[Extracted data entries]
----------------------------------------
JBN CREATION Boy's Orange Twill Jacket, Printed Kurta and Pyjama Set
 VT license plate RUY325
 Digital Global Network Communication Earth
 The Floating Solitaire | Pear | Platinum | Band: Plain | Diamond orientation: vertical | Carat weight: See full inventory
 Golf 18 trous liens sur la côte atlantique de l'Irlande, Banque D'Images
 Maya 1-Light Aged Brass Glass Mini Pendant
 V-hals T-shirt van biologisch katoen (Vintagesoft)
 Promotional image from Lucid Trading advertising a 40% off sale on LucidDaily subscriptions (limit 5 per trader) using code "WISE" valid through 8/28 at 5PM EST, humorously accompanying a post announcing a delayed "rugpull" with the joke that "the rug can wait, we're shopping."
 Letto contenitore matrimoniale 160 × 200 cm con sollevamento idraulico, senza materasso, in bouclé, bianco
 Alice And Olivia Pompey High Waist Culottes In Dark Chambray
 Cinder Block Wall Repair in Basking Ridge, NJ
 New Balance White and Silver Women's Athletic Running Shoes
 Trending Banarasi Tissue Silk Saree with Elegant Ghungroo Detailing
----------------------------------------
- Exercise details: Your answer must be the lines from the one that contains "Promotional image from" through the last line of the entries above, copied exactly, with no other lines.

- Solution below:
 Promotional image from Lucid Trading advertising a 40% off sale on LucidDaily subscriptions (limit 5 per trader) using code "WISE" valid through 8/28 at 5PM EST, humorously accompanying a post announcing a delayed "rugpull" with the joke that "the rug can wait, we're shopping."
 Letto contenitore matrimoniale 160 × 200 cm con sollevamento idraulico, senza materasso, in bouclé, bianco
 Alice And Olivia Pompey High Waist Culottes In Dark Chambray
 Cinder Block Wall Repair in Basking Ridge, NJ
 New Balance White and Silver Women's Athletic Running Shoes
 Trending Banarasi Tissue Silk Saree with Elegant Ghungroo Detailing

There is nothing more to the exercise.